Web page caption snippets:
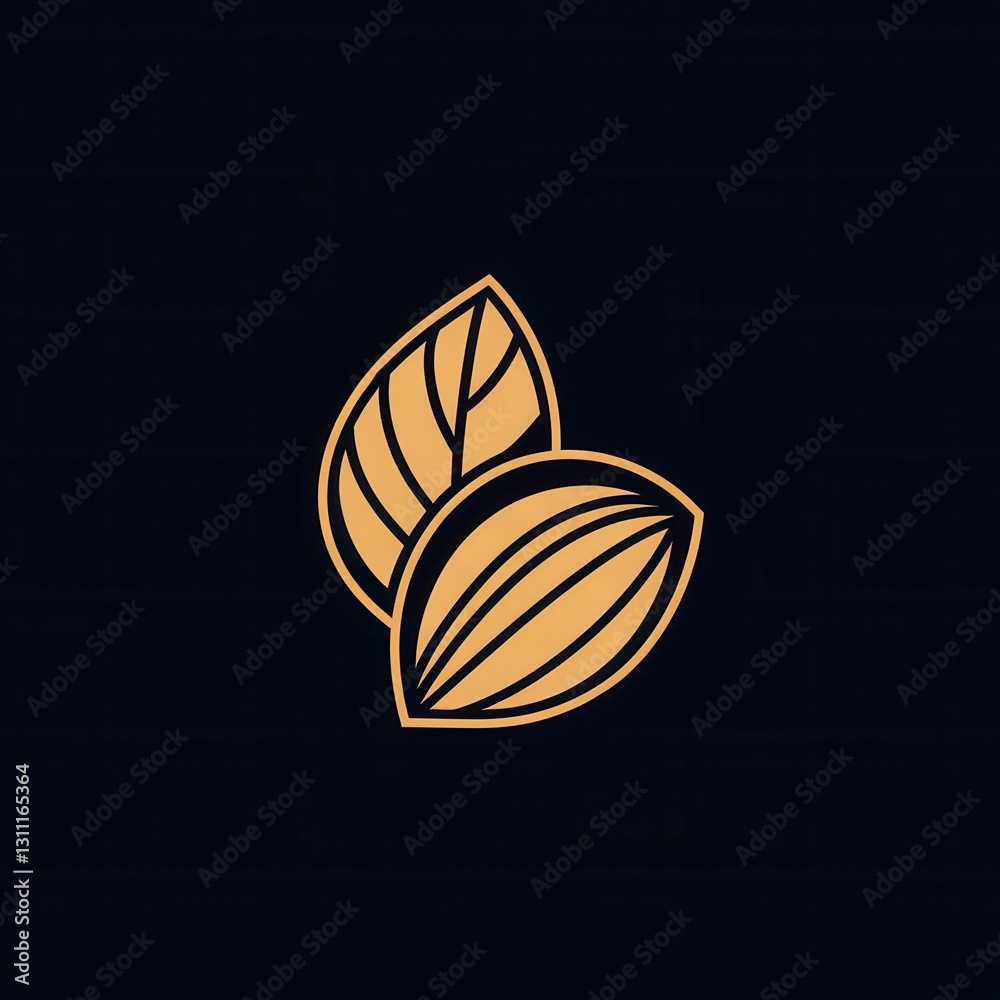 Aufkleber minimalist nut logo featuring almond and walnut in modern abstract line art style on a deep backgrou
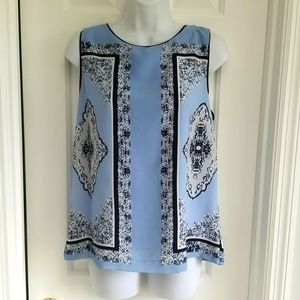 Philosophy Blue Print Blouse Size 8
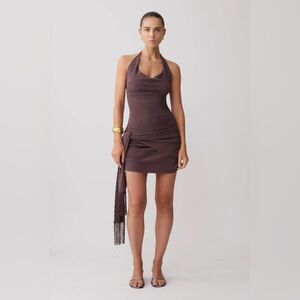 Meshki Brown Halter Mini Dress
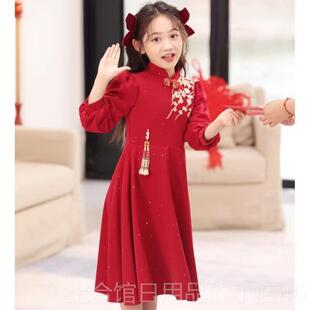 高档儿童新小中式装女孩公主服装台红服色女孩主持人服装古风t表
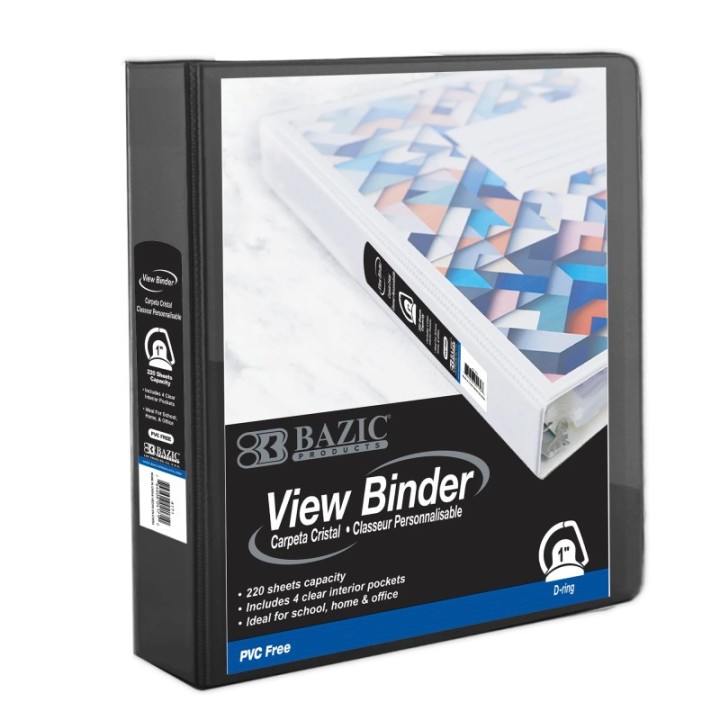BAZIC Products® PVC-Free Slant-D Ring View Binder with 4-Pockets, 1", Black
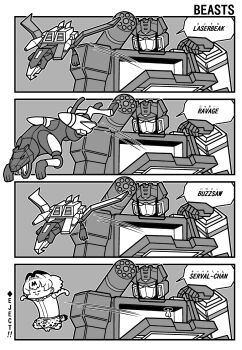 1girl 4koma :3 animal_ears bilingual_text buzzsaw_(transformers) cat_ears comic crossover english_text fur_skirt greyscale highres jumping kemono_friends koutarosu laserbeak mixed-language_text monochrome motion_lines non-humanoid_robot portal_(object) ravage_(transformers) robot robot_animal serval_(kemono_friends) short_sleeves soundwave_(transformers) speech_bubble testicles transformers transformers:_generation_1 when_you_see_it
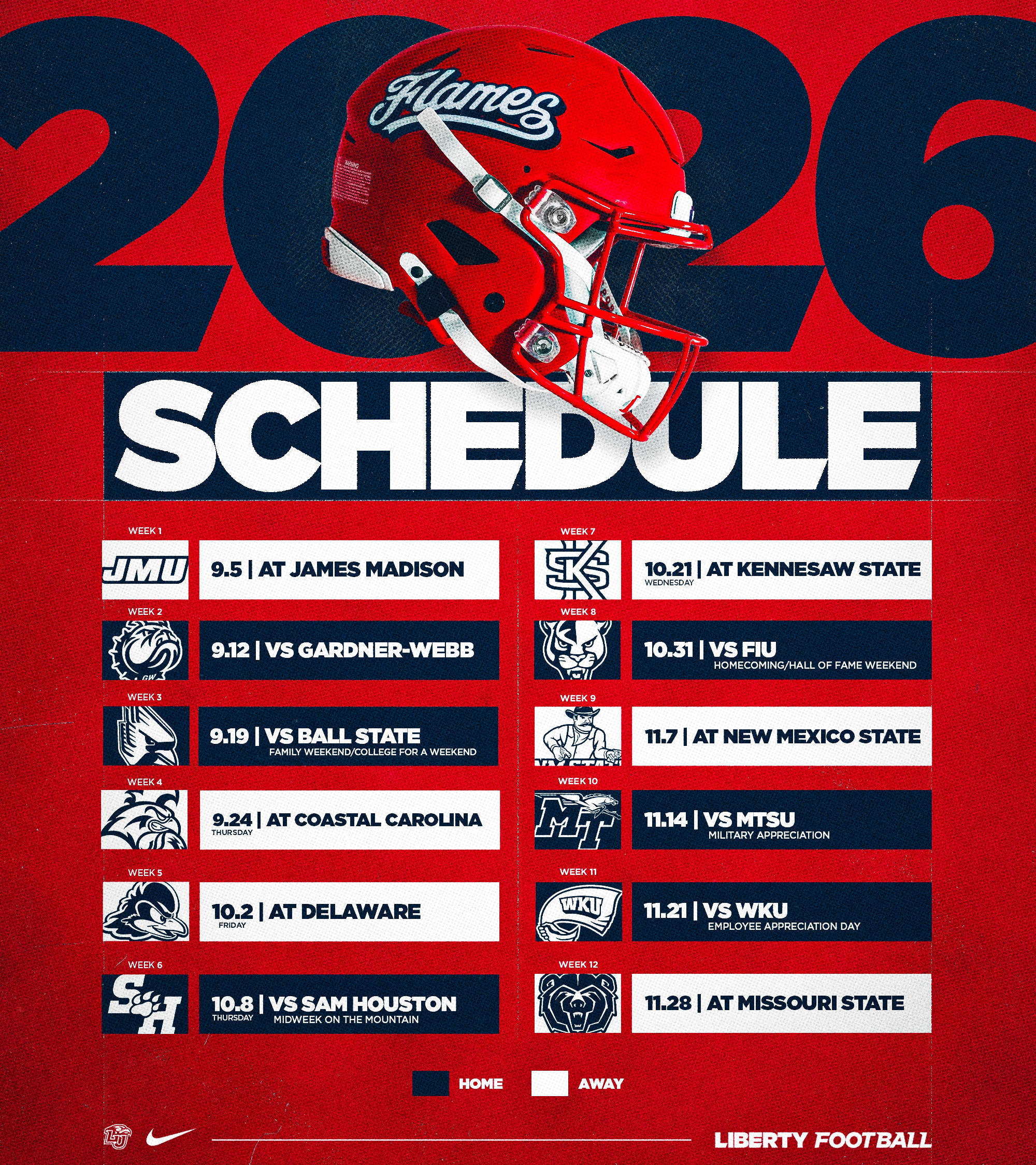 2026 Liberty Non Conference Home Schedule | Sept 12 vs Gardner-Webb | Sept 19 vs Ball State | Oct 31 Homecoming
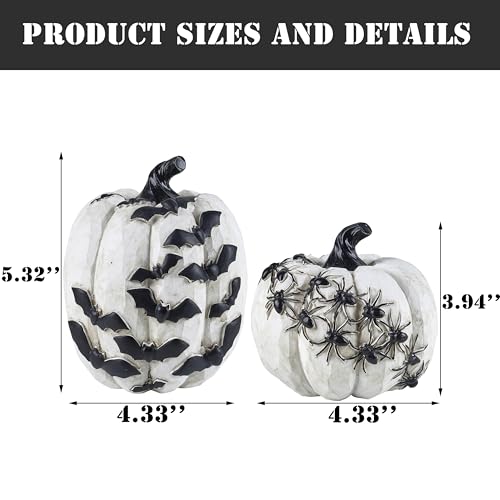 Image of FESTGLOX Black and White Pumpkins with Bats for Halloween Indoor Decor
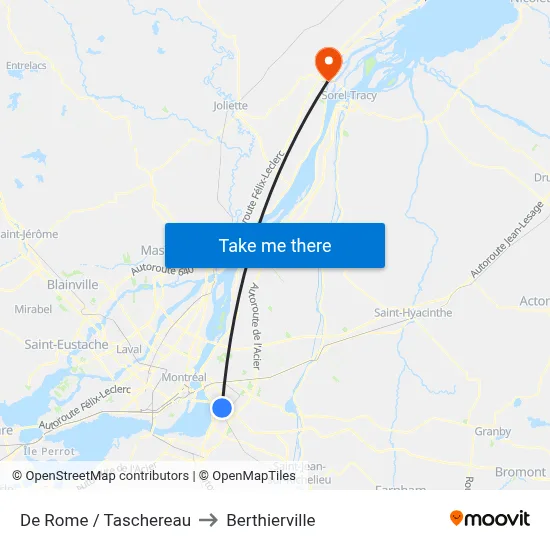 De Rome / Taschereau to Berthierville map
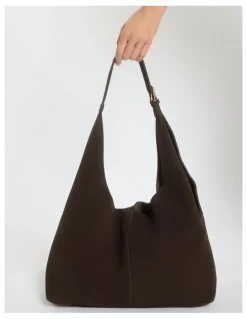 Jane Debster H-Quay Shoulder Bag in Chocolate Suede
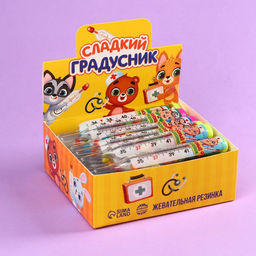 Цена за 30 шт. Жевательная резинка Сладкий градусник в форме градусника, 7 г.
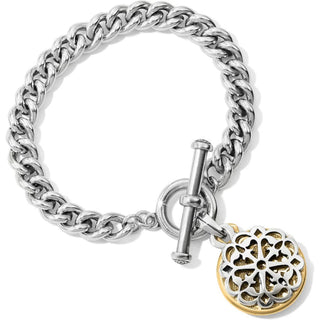 A two-tone gold and silver toggle bracelet with a geometric patterned pendant. Brighton Ferrara Two Tone Toggle Bracelet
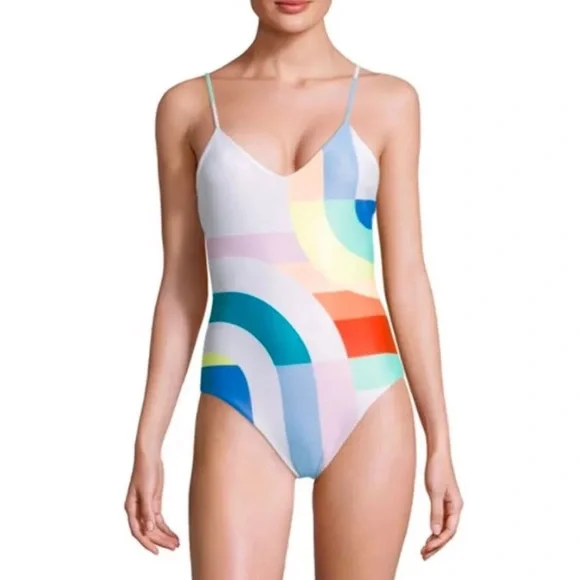 Mara Hoffman Meridian Classic One-Piece Colorblock Swimsuit XS - Picture 6 of 6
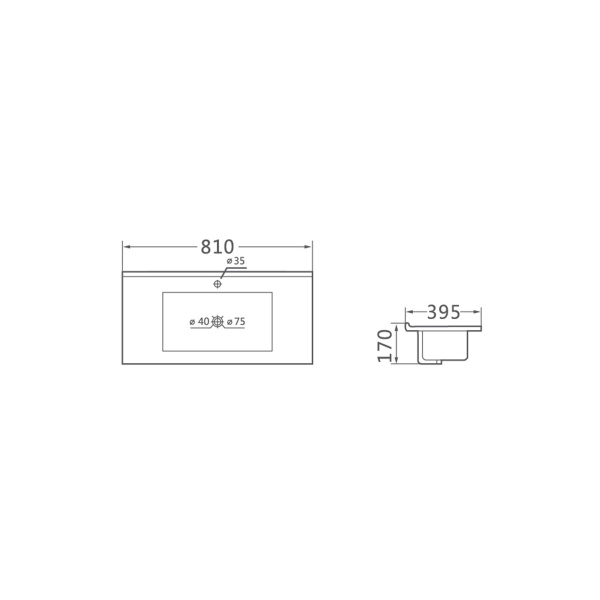 Раковина мебельная прямоугольная Vincea  VBS-13980S1 фарфор цвет белый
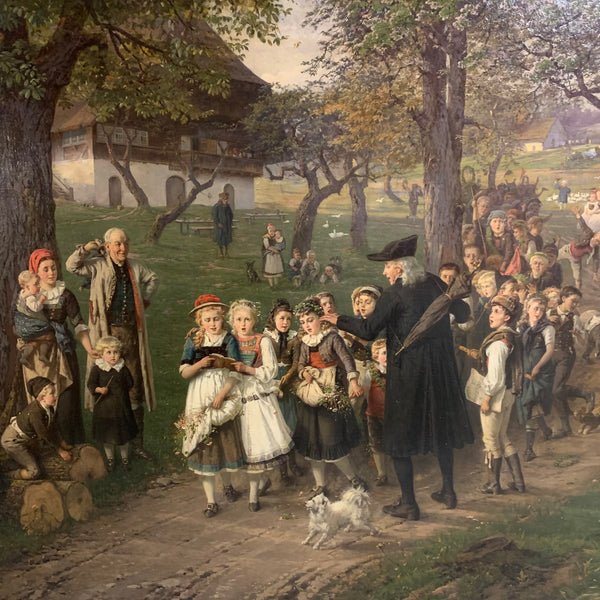 Ölgemälde Rückkehr vom Schulfeste von Fritz Beinke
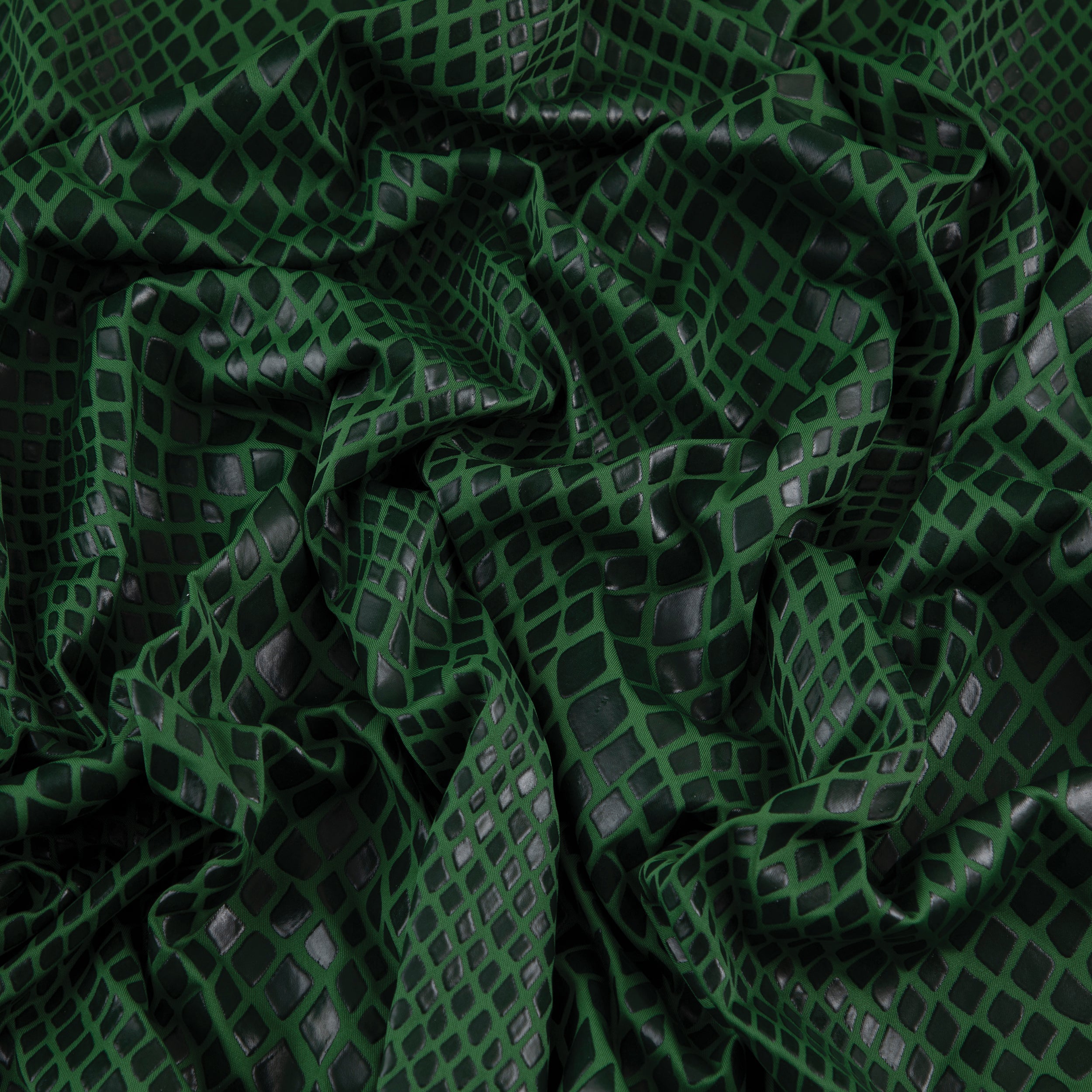Stretch Fabric, Rubber Python Texture, Green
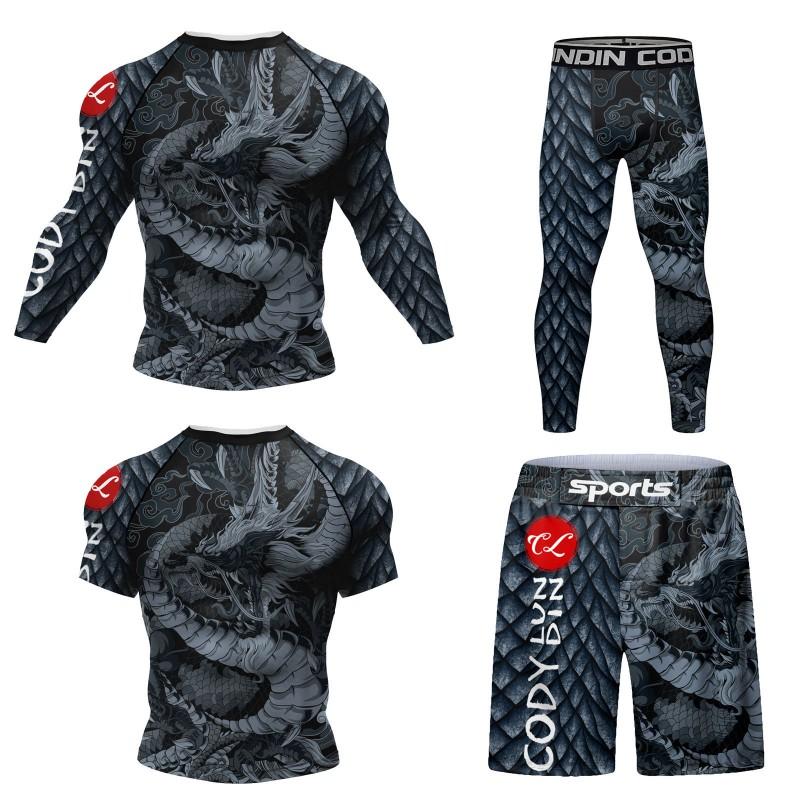 Completo Atletico Uomo Asciugatura Rapida a Compressione con Stampa Digitale - Set Sportivo 4 Pezzi Palestra Corsa Allenamento all'Aperto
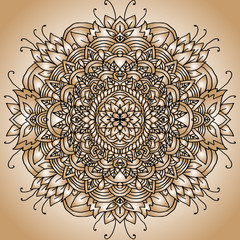 Abstract mandala ornament. Asian pattern. Golden gradient authentic background.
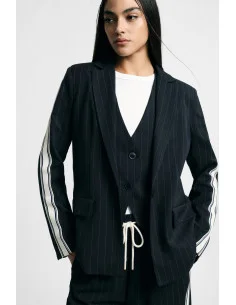Blazer à rayures avec manches contrastées et fermeture à boutons Please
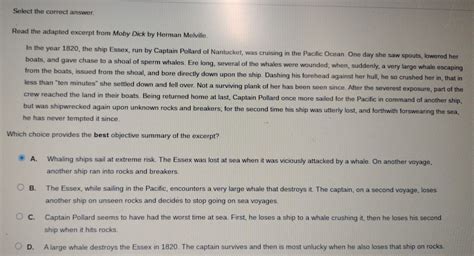 solved select the correct answer read the adapted excerpt from moby dick by herman melville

What you should do:
Transcribe the records above exactly as they appear, leaving out any pictures.

Exercise solution:
 Aufkleber minimalist nut logo featuring almond and walnut in modern abstract line art style on a deep backgrou
 Philosophy Blue Print Blouse Size 8
 Meshki Brown Halter Mini Dress
 高档儿童新小中式装女孩公主服装台红服色女孩主持人服装古风t表
BAZIC Products® PVC-Free Slant-D Ring View Binder with 4-Pockets, 1", Black
 1girl 4koma :3 animal_ears bilingual_text buzzsaw_(transformers) cat_ears comic crossover english_text fur_skirt greyscale highres jumping kemono_friends koutarosu laserbeak mixed-language_text monochrome motion_lines non-humanoid_robot portal_(object) ravage_(transformers) robot robot_animal serval_(kemono_friends) short_sleeves soundwave_(transformers) speech_bubble testicles transformers transformers:_generation_1 when_you_see_it
 2026 Liberty Non Conference Home Schedule | Sept 12 vs Gardner-Webb | Sept 19 vs Ball State | Oct 31 Homecoming
 Image of FESTGLOX Black and White Pumpkins with Bats for Halloween Indoor Decor
 De Rome / Taschereau to Berthierville map
 Jane Debster H-Quay Shoulder Bag in Chocolate Suede
 Цена за 30 шт. Жевательная резинка Сладкий градусник в форме градусника, 7 г.
 A two-tone gold and silver toggle bracelet with a geometric patterned pendant. Brighton Ferrara Two Tone Toggle Bracelet
 Mara Hoffman Meridian Classic One-Piece Colorblock Swimsuit XS - Picture 6 of 6
 Раковина мебельная прямоугольная Vincea  VBS-13980S1 фарфор цвет белый
 Ölgemälde Rückkehr vom Schulfeste von Fritz Beinke
Stretch Fabric, Rubber Python Texture, Green
 Completo Atletico Uomo Asciugatura Rapida a Compressione con Stampa Digitale - Set Sportivo 4 Pezzi Palestra Corsa Allenamento all'Aperto
 Abstract mandala ornament. Asian pattern. Golden gradient authentic background.
Blazer à rayures avec manches contrastées et fermeture à boutons Please
 solved select the correct answer read the adapted excerpt from moby dick by herman melville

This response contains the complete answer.